I identified some of those involved, in this column on Friday, and they are not individual­s who take on tasks of this kind with no reward at the other end. I have to guess that mining developers will take all the initial risks (geological, technical, geopolitic­al). Once those risks are off the table and financing is about to start, Soguipami, the Guinean government’s investment vehicle, may then exercise the provisions under the new mining code. These are for a 15% free ride for the government with an entitlemen­t to buy up to another 20% in any mining project.

But where does all this put the consortium? A contact in Conakry says tales are circulatin­g that some mining projects may be seized and handed on to other parties.

How will foreign mining companies respond? The Rio iron ore project is unlikely to be threatened. But BHP Billiton announced last week it might sell its 33,33% stake in Guinea Alumina and is working with investment bank Lazard to find a buyer. And Russian aluminium producer Rusal, which has operated in Guinea for years, described the new mining code as “senseless”. It added: “Any investor of good sense will look for investment opportunit­ies somewhere outside Guinea.”

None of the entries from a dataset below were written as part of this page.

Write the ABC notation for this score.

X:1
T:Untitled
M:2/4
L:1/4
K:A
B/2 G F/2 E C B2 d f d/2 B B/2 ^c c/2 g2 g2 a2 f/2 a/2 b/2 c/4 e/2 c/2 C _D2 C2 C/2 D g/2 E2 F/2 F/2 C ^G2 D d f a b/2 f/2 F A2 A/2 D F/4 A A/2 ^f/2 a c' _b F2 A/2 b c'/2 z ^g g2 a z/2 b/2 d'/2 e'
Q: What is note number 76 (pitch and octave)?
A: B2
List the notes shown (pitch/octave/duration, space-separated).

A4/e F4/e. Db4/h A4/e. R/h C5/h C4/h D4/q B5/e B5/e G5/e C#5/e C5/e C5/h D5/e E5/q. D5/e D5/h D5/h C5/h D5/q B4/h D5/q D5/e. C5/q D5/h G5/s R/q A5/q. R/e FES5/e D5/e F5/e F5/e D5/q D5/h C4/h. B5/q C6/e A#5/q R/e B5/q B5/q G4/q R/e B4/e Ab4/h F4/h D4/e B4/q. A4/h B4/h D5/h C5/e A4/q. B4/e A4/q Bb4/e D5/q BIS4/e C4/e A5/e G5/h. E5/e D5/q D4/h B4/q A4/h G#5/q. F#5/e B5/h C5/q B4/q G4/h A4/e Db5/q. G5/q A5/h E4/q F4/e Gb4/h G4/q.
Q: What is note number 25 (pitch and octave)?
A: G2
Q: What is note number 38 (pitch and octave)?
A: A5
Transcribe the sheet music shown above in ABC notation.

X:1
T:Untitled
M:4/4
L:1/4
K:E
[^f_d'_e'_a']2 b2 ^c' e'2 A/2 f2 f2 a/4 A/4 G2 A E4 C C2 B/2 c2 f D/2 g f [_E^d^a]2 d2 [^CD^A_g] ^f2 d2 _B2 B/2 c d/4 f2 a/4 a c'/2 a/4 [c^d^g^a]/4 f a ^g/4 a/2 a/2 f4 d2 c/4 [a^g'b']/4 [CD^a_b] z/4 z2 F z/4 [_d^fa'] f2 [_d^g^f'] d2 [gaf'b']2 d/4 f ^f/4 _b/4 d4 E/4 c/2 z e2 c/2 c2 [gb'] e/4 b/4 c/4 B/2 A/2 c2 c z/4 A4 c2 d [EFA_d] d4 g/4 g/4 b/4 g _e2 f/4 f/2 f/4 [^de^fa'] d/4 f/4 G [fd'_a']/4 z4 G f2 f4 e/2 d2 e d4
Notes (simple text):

Guinea is described by the Internatio­nal Monetary Fund (IMF) and World Bank as a highly indebted poor country. It is seeking debt relief from both commercial and official lenders, and a three-year extended credit facility and an allocation of interim poor-country assistance is under considerat­ion by the IMF. Questions are being asked about the terms of the loan agreement, which includes interest at Libor plus 3%. If Guinea is so poor it has to beg debt relief, why is it borrowing money at such high interest payments?

The longer-term problem for Guinea is what effect this uncertaint­y and rumour might have on internatio­nal investment. The country is awash with mineral resources, but many mining companies may be discourage­d by political developmen­ts that leave them baffled.

WE FIRST asked Congress of South African Trade Unions (Cosatu) spokesman Patrick Craven to make the past year’s financial statements available a week ago. He sent us off to talk to someone else, who sent us back to Craven, who said he’d let us know.

He didn’t, so we called again. Maybe they’ll sort this out today. I’m not holding my breath. Presuming the response is no, the next question is: what does it have to hide?

In any event, surely a federation as big as Cosatu owes it to the public to show us what it does with its members’ money? The Labour Relations Act should be amended to require trade unions and federation­s to publish their financial statements in full and make them easily available.